Now the subcommittee will focus on faculty and student feedback to help in “getting it right,” said Patrick O’Shea, vice president of research and member of the Intellectual Property Subcommittee.

“Our goal is to have our works get out to the public as easy as possible,” he said. “As I say, we want to be the lubricant, not the proxy in the gears of process.”

The new policy changes impact wording, vocabulary and readability to cut the policy to nine pages. To do this, it removes complex ideas and clarifies redundant language.

Under the proposed law, the university gains ownership of intellectual property if faculty use significant funds or resources, such as grants or university labs, in the creation of the work, O’Shea said. For example, the university can own “traditional scholarly works” such as books, syllabi, online courses, inventions software and research materials made while under the university’s employ. Under both policy versions, students almost always own all rights to their creations made for academic courses, unless they are employees.

Most of these guidelines also existed under the previous policy but faculty members are now aware since the bill is easier to understand, said Anne Bowden, associate general counsel.

“The old policy was 40 pages,” Bowden said. “People didn’t read it. So now they have a nine-page policy, two pages of definitions, and they can read it and read it in less than half an hour and it’s clear. … Whatever’s in this policy, chances are it’s in the current policy, but it’s different language and it’s more obvious.”

During the open forum, faculty from the computer science department and college of information studies said they had a problem that the policy approaches software like a copyright, giving ownership to the university. This is ineffective for these faculty members because they depend on software to be open-source to share with colleagues, researchers and students.

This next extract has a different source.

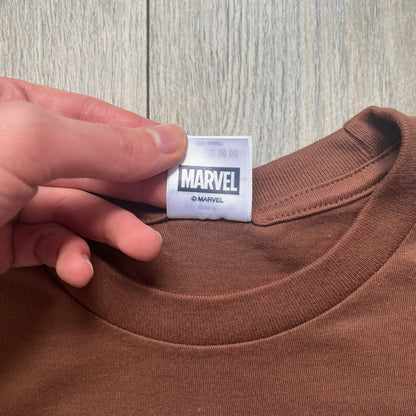 Supreme x Spider-Man Black Tee from the SS26 season is a brown 100% cotton T-shirt featuring a large box graphic on the front. The print shows a black and white city photo with the Supreme store, while Spider-Man in his red and blue costume swings across the scene in a cartoon-style illustration. The shirt includes a Supreme x Marvel collaboration neck tag.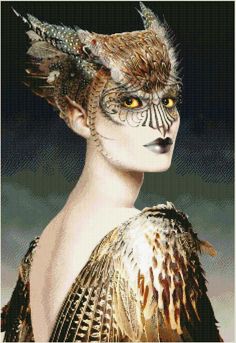 a woman with feathers on her head and an owl's face is shown in this cross stitch pattern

“Many of our faculty, both in the departments of engineering and computer science colleges, has not had a chance to look into these details,” said Jayanth Banavar, computer, mathematics and natural sciences college dean. “They are considered about many, many different things, and for such an important matter that actually affects their lives, it would be very nice to recommit, get feedback and move forward.”

During the forum, engineering professor Hubert Montas also urged the senate to recommit the policy, pointing out that under the original policy, creators receive 50 percent of the financial share, while they receive 25 percent of the share under the new policy.

But that wasn’t exactly true, Office of Technology Commercialization Executive Director Gayatri Varma said, and the complexity of the original policy is to blame. Revenue-sharing is much more complicated in the original version, as the money is divided among various parts of the university and colleges over time. On average, the inventor receives closer to 34 percent. Under the existing policy, more money is also given to the departments to encourage further research.